Even though we cut the number of bits by quite a margin, the last factor is still way too large to bruteforce, and the script just hangs indefinitely.

However, if we get rid of the last factor temporarily, we get a “partial solution” of 112 bits:

Found d_1: 3914004671535485983675163411331184

This is where the other identified problem comes into play. The full prime that was used is only 128 bits. We just recovered 112 bits. This means we only have 16 bits of complexity left. This is easily bruteforceable by a standard computer.

Recall that in the Chinese Remainder Theorem, we obtain a solution in the form:

x = a mod (factor1 * factor2 * ... * factorN)

However, we didn’t quite compute it for all factors. Instead, we obtained a solution that looks like this:

x' = a mod (factor1 * factor2 * ... * factor[N-1])

The modulus can be thought of as a remainder, which is another way of saying that you’re subtracting out all the integer multiples of the divisor and returning what’s left of it. Therefore, to guess the final 16 bits of the key, we therefore need to figure out how often we need to add (factor1 * factor2 * ... * factor[N-1]) back to the result to get a solution that uses the full modulus:

# Find partial solution via crt
d_1 = crt(crt_solutions, crt_factors) 
print("Found d_1:", d_1)

# Brutefore remainder
p = product(crt_factors)
for i in tqdm.tqdm(range(2**16)):
    if (d_1 + i * p) * G == P1:
        print("Found", i)
        break
else:
    print("Not found")

The final script can be found in solve.py.

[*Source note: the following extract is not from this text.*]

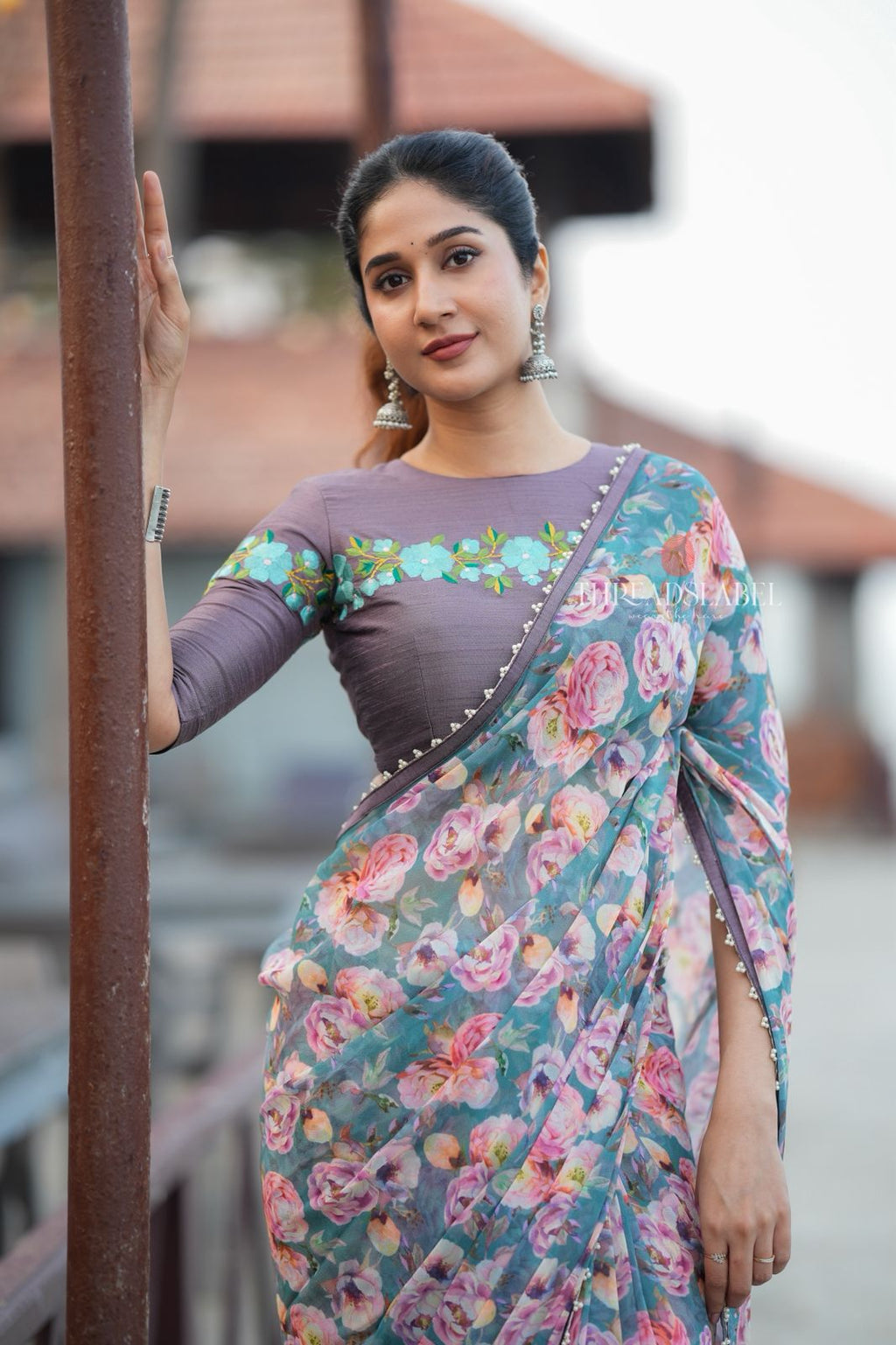 Blue floral georgette saree with grey embroidery blouse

On a standard computer, this only takes like a minute or two:

d: 168606034648973740214207039875253762473

Great!

Replay and Win

All that is left is reimplementing the ChaCha20 logic and decrypting the traffic. My implementation can be found in EmulatedServer.

Running it reveals all the traffic in plaintext:

verify
verify
ls
=== dirs ===
secrets
=== files ===
fullspeed.exe

cd|secrets
ok
ls
=== dirs ===
super secrets
=== files ===

cd|super secrets
ok
ls
=== dirs ===
.hidden
=== files ===

cd|.hidden
ok
ls
=== dirs ===
wait, dot folders aren't hidden on windows
=== files ===

cd|wait, dot folders aren't hidden on windows
ok
ls
=== dirs ===
=== files ===
flag.txt

cat|flag.txt
RDBudF9VNWVfeTB1cl9Pd25fQ3VSdjNzQGZsYXJlLW9uLmNvbQ==
exit

The last message obviously is a base64 string. Converting it back…

… reveals the flag!

Final Words

Phew… That was a tough nut to crack!

In this challenge, two very hard concepts were combined. First, NativeAOT, which is on its own very difficult/time consuming to reverse engineer. And secondly, the cryptography in the end is definitely not for the faint of heart. During the competition, this was also very clearly reflected by the scoreboard and the number of DMs I received during the competition from various people getting stuck :).

Nonetheless, I immensely enjoyed this challenge though. It is definitely one of my favorite challenges in the entire series this year. It also gave me some ideas for making some better tooling for NativeAOT. Who knows, hopefully I’ll get to that at some point.